▶ EXERCISE REQUIREMENTS
What follows is a listing; repeat exactly, and only, its lines from the one holding "Fabrika Comfort Vizon" through the last, leaving any pictures out.

▶ RAW DATA
● ● ●
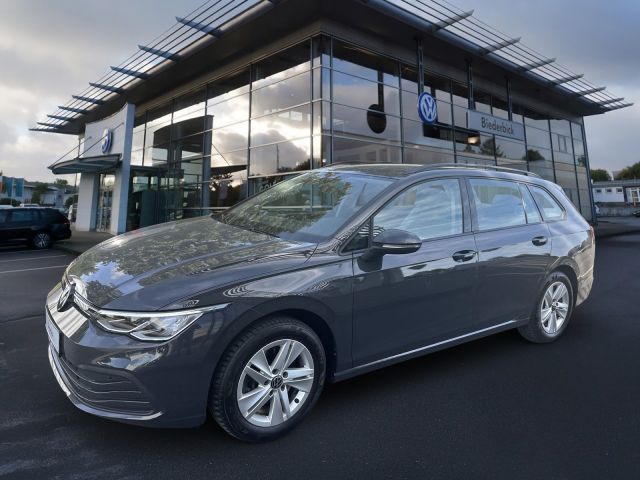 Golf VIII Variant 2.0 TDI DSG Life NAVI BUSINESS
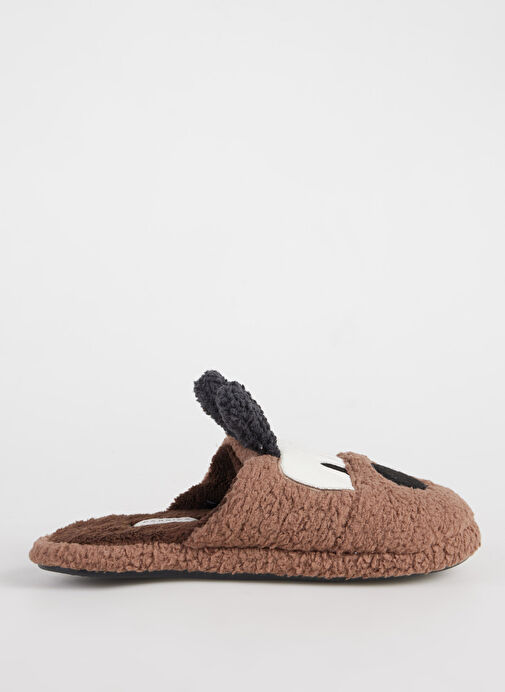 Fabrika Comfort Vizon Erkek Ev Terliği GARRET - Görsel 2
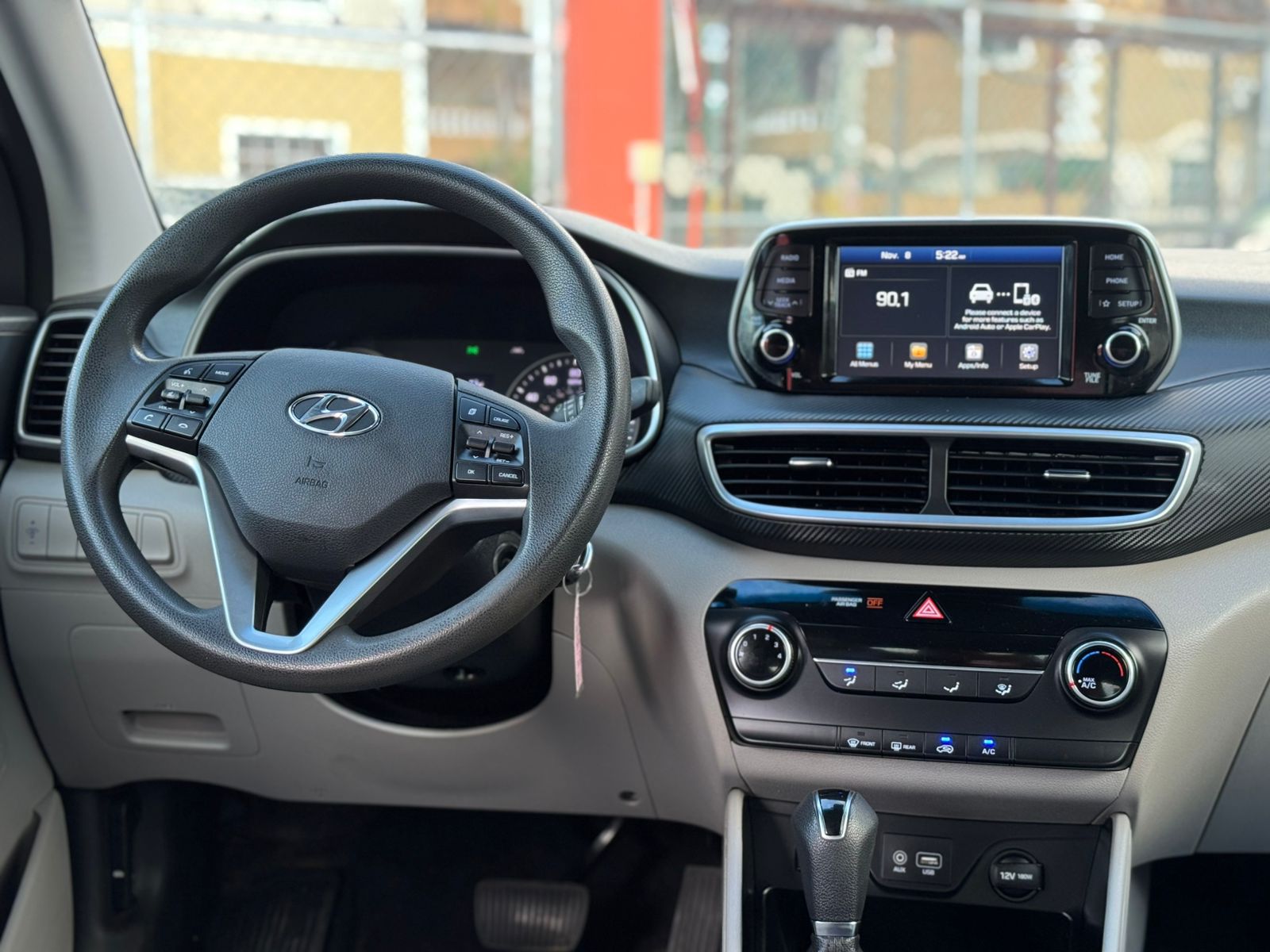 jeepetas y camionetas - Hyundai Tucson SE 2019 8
● ● ●
▶ THE COMPLETED TASK
 Fabrika Comfort Vizon Erkek Ev Terliği GARRET - Görsel 2
 jeepetas y camionetas - Hyundai Tucson SE 2019 8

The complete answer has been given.